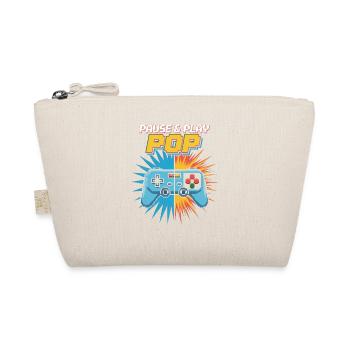 Pause & Play Pop Pop Culture Retro Video Game - Organic Pouch - nature - Front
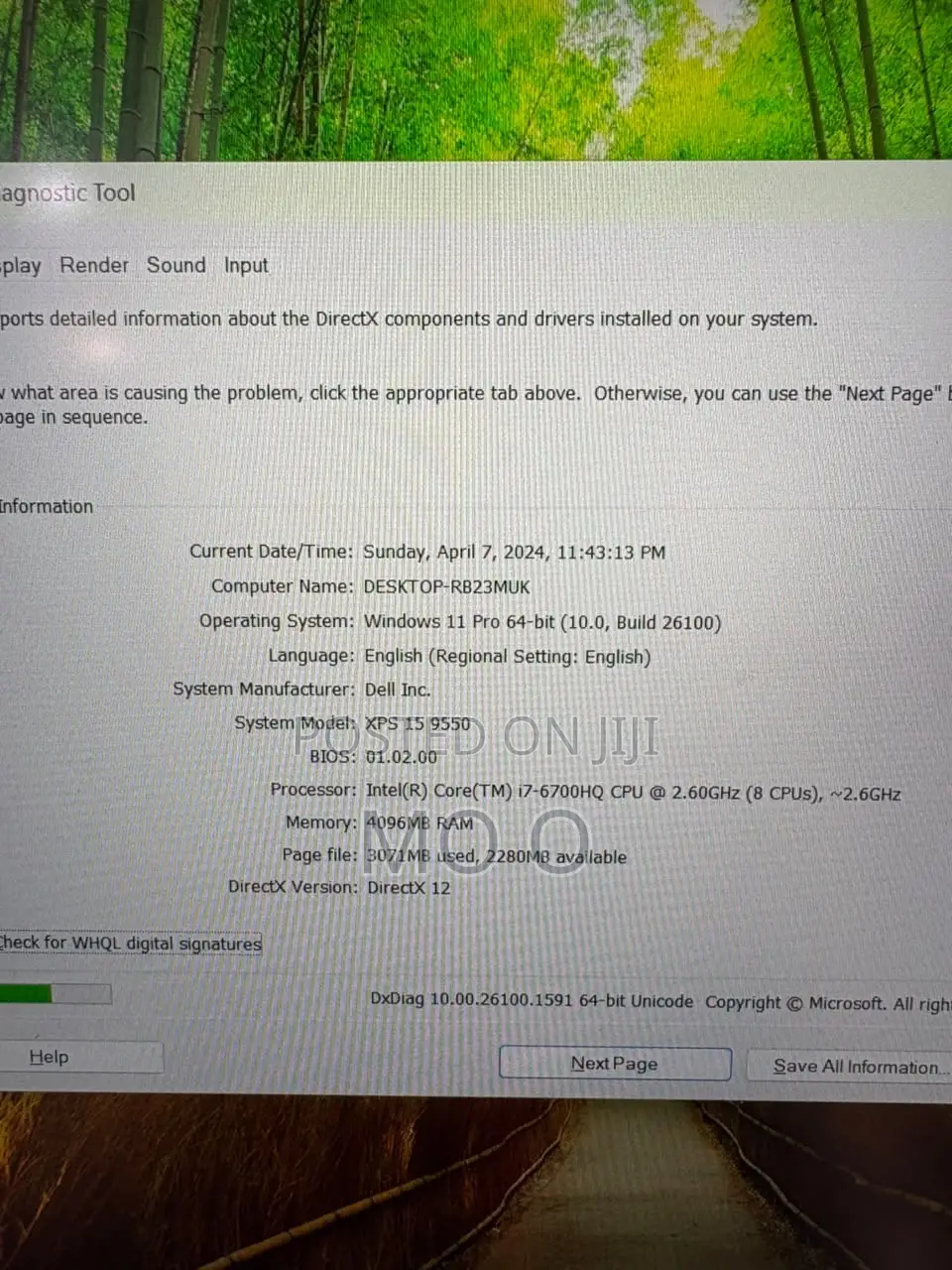 Laptop Dell XPS 15 (9550) 8GB Intel Core i7 SSD 256GB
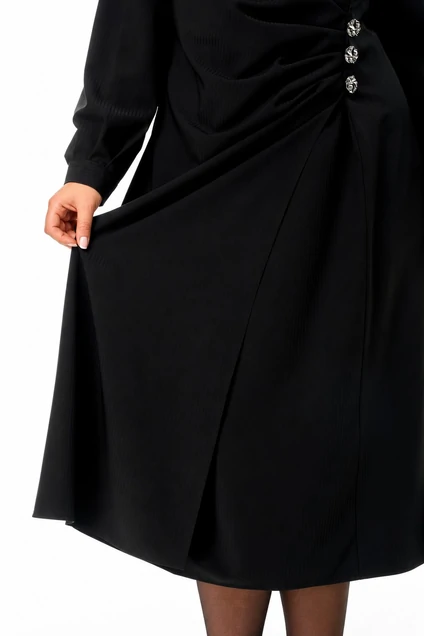 Платье 1350 черный ANASTASIA MAK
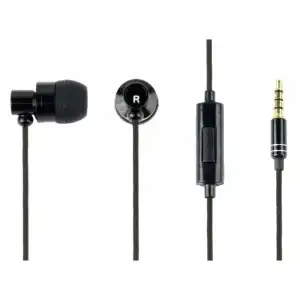 Gembird Paris Auriculares Metálicos con Micrófono Negros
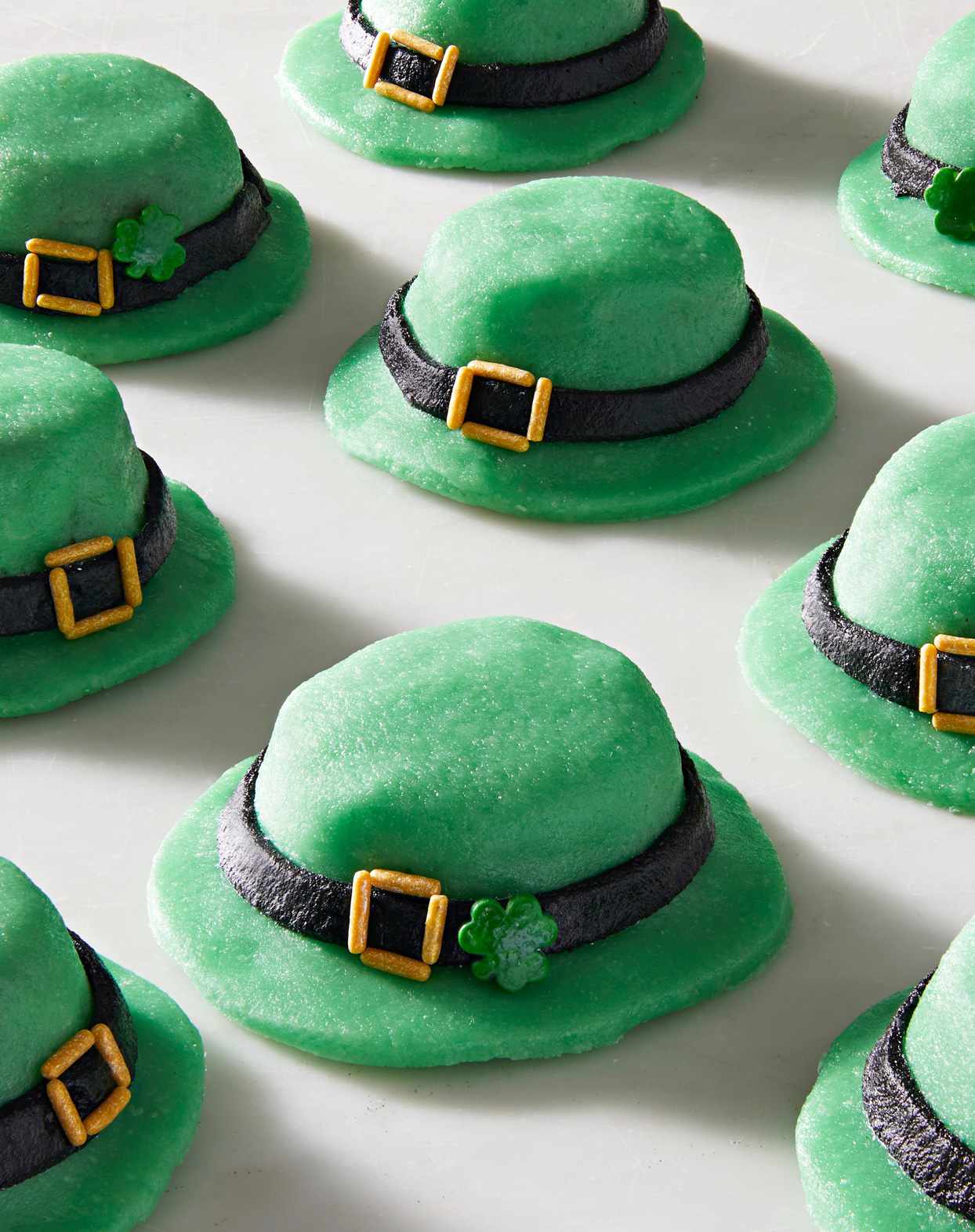 marzipan leprechaun hats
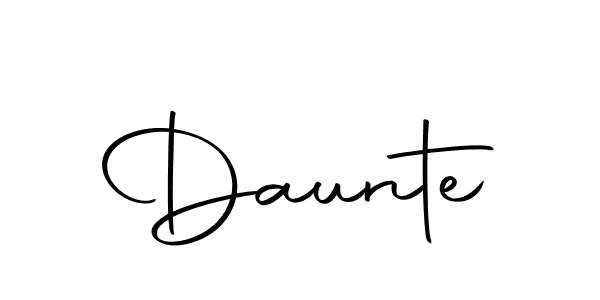 You should practise on your own different ways (Autography-DOLnW) to write your name (Daunte) in signature. don't let someone else do it for you. Daunte signature style 10 images and pictures png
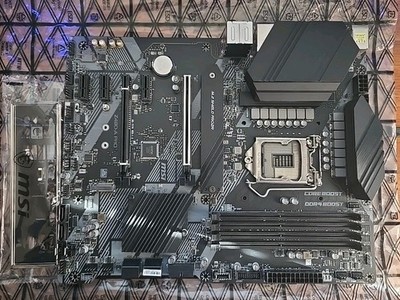 MSI Z490-A PRO ATX Motherboard 10 11th Z490 LGA1200 DDR4 M.2 HDMI Tested
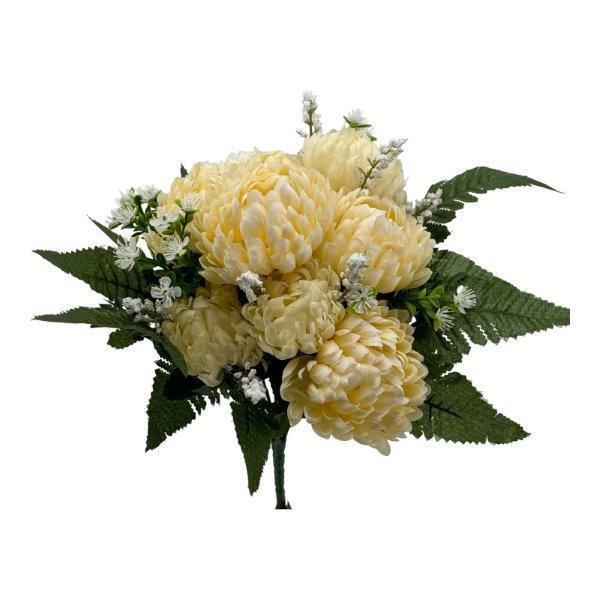 Chrysanthemenbusch cream Seide L35 cm Chrysanthemenbusch cream Seide L35 cm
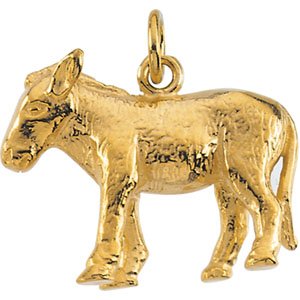 Nativity Donkey Pendant 
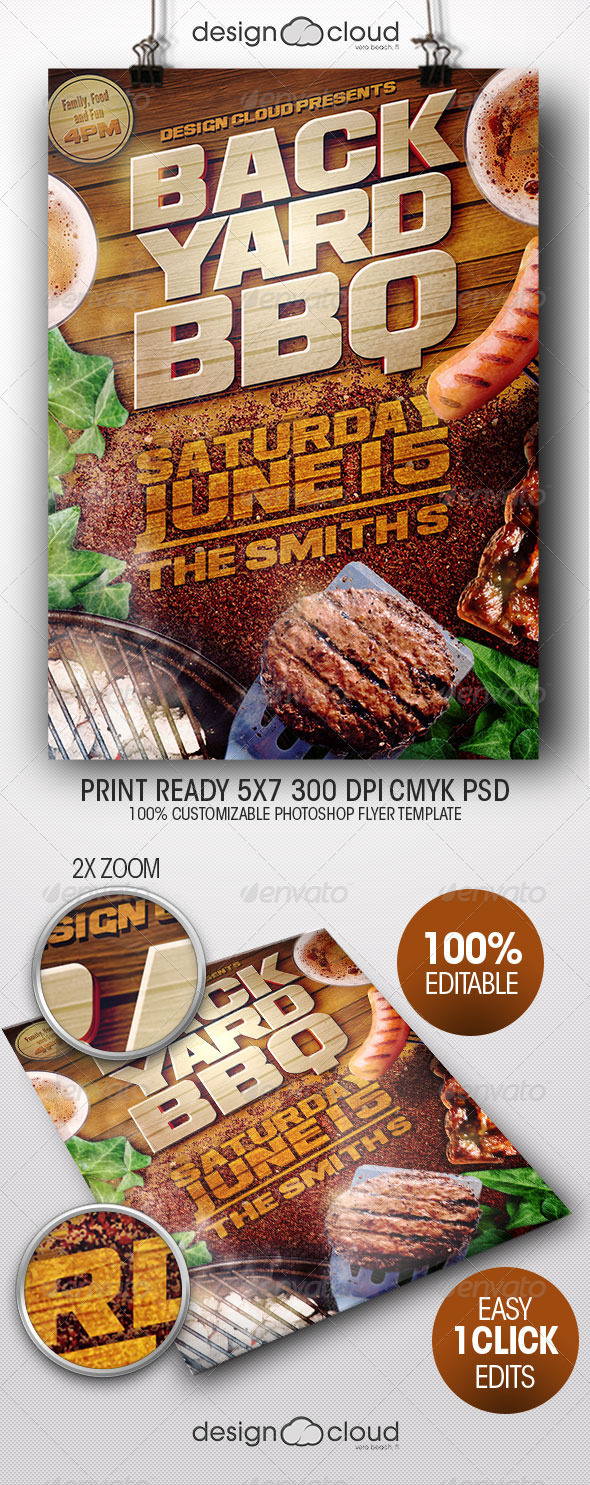 Barbecue And Outdoor Graphics Designs Templates
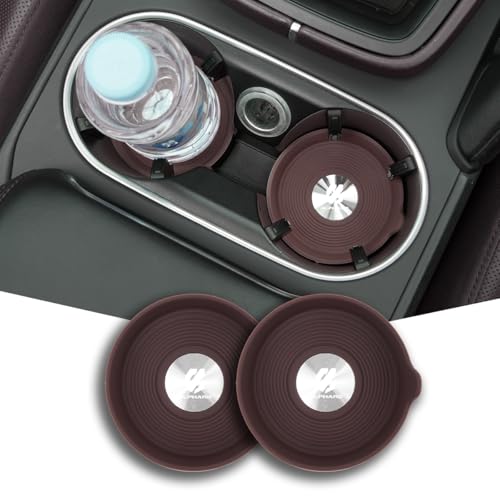 カーアクセサリ ノンスリップマット For アルファード Alphard 専用 車 ノンスリップ コースター 滑り止めシリコーン製 持ち手付きり 丸型 直径70mm 対応Alphard 40系 30系専用 防水 静音 ノイズ低減 便利 洗いやすい カー イ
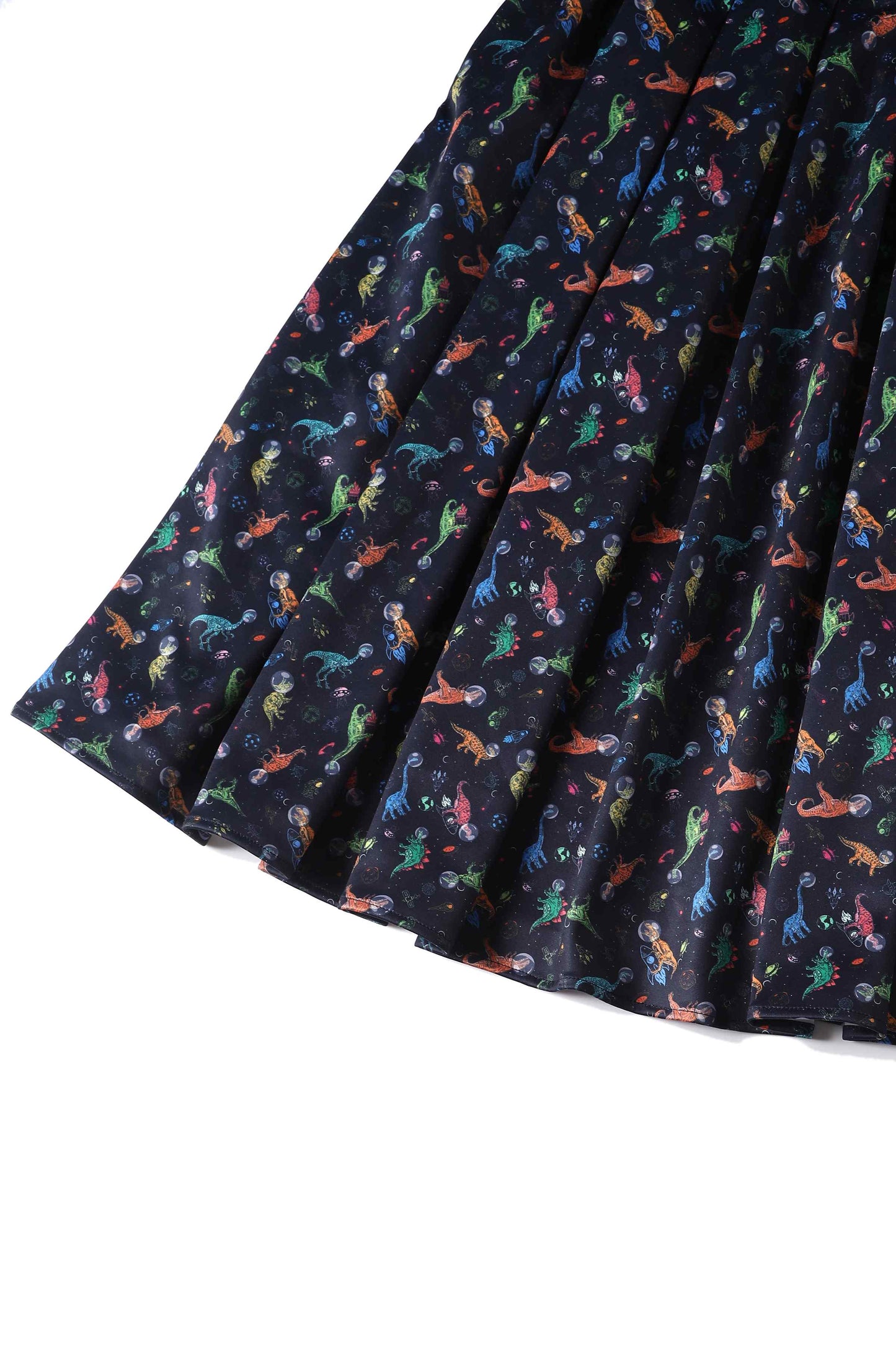 Amanda Dinosaur In Space Flared Dress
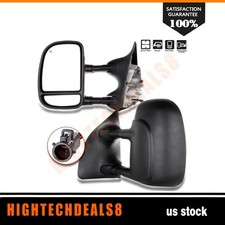 Pair Power Heated Tow Mirrors For 99-07 Ford F250 F350 F450 F550 Super Duty Pair Power Heated Tow Mirrors For 99-07 Ford F250 F350 F450 F550 Super Duty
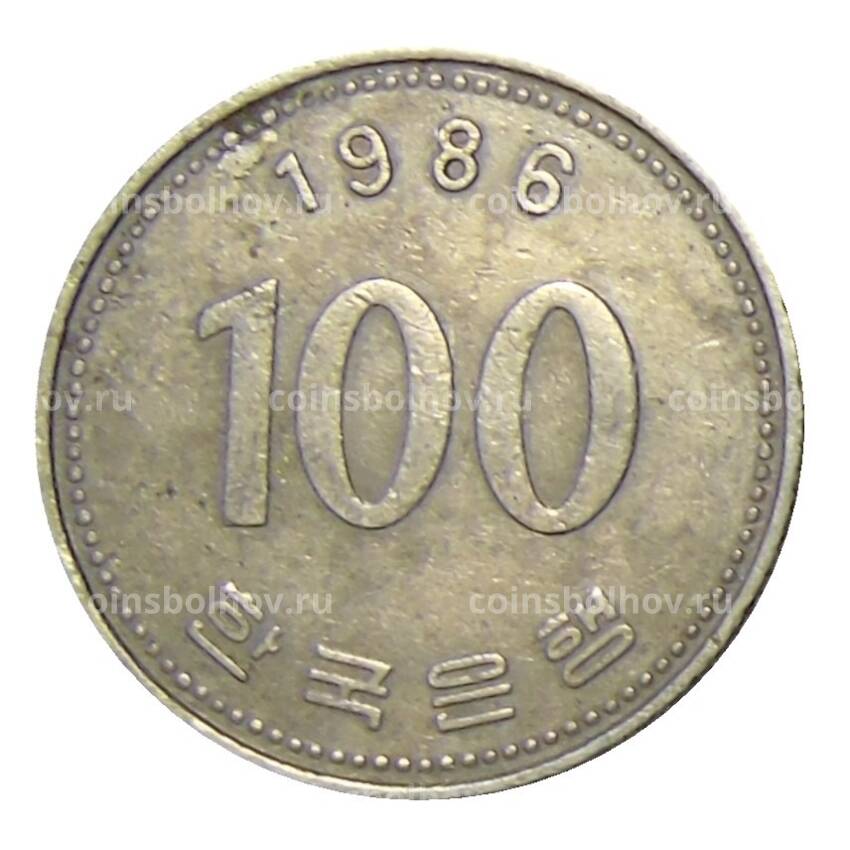 Монета 100 вон 1986 года Южная Корея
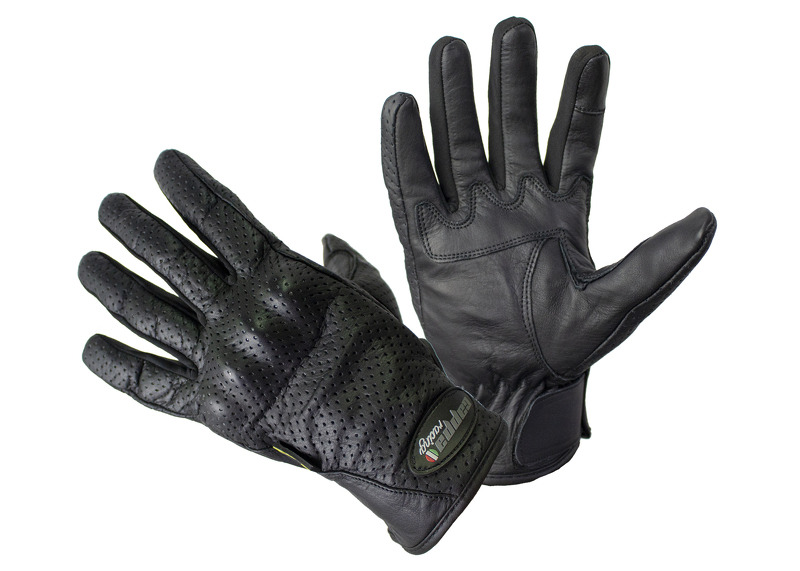 Cappa Racing Rukavice moto MASS CE dámské kožené krátké černé L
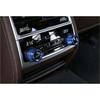 For BMW X3 G01 X4 2018-  Blue Aluminum Rear AC Adjusting Knob Ring Trim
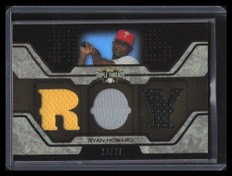 2008 Topps Triple Threads Relics Sepia 223 Ryan Howard Triple Jersey 24/27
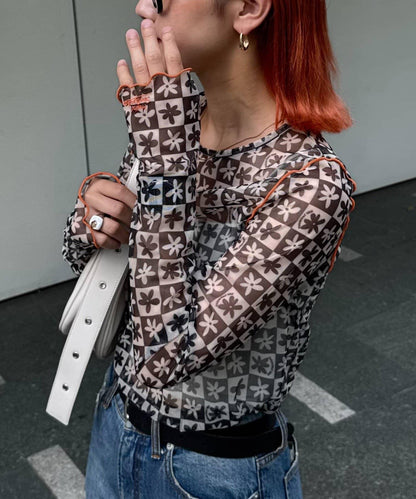 H.S組合花紋上衣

________________________

ABOUT THIS TASK:
Above are entries with pictures among them. Write out exactly the lines from the one containing "Nativity Donkey Pendant" through the one containing "Amanda Dinosaur In Space Flared Dress", ends included, and leave those pictures out.

RESULT FOR THIS TASK:
 Nativity Donkey Pendant 
 Barbecue And Outdoor Graphics Designs Templates
 カーアクセサリ ノンスリップマット For アルファード Alphard 専用 車 ノンスリップ コースター 滑り止めシリコーン製 持ち手付きり 丸型 直径70mm 対応Alphard 40系 30系専用 防水 静音 ノイズ低減 便利 洗いやすい カー イ
 Amanda Dinosaur In Space Flared Dress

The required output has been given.